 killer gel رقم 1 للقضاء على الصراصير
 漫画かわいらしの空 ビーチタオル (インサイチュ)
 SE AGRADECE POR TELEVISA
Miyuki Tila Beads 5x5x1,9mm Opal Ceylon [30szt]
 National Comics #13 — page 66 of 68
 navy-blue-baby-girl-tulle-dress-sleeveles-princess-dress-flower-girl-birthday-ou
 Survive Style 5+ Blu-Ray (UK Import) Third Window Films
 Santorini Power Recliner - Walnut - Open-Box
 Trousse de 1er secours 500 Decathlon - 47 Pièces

* * *

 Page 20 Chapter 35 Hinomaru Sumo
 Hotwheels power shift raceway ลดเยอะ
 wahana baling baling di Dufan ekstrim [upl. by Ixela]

» **Exercise objective**: Among the entries above, the lines between the ones containing "Page 20 Chapter 35 Hinomaru Sumo" and "wahana baling baling", inclusive, are to be transcribed exactly. No other line is to be given.

» **Answer section**:
 Page 20 Chapter 35 Hinomaru Sumo
 Hotwheels power shift raceway ลดเยอะ
 wahana baling baling di Dufan ekstrim [upl. by Ixela]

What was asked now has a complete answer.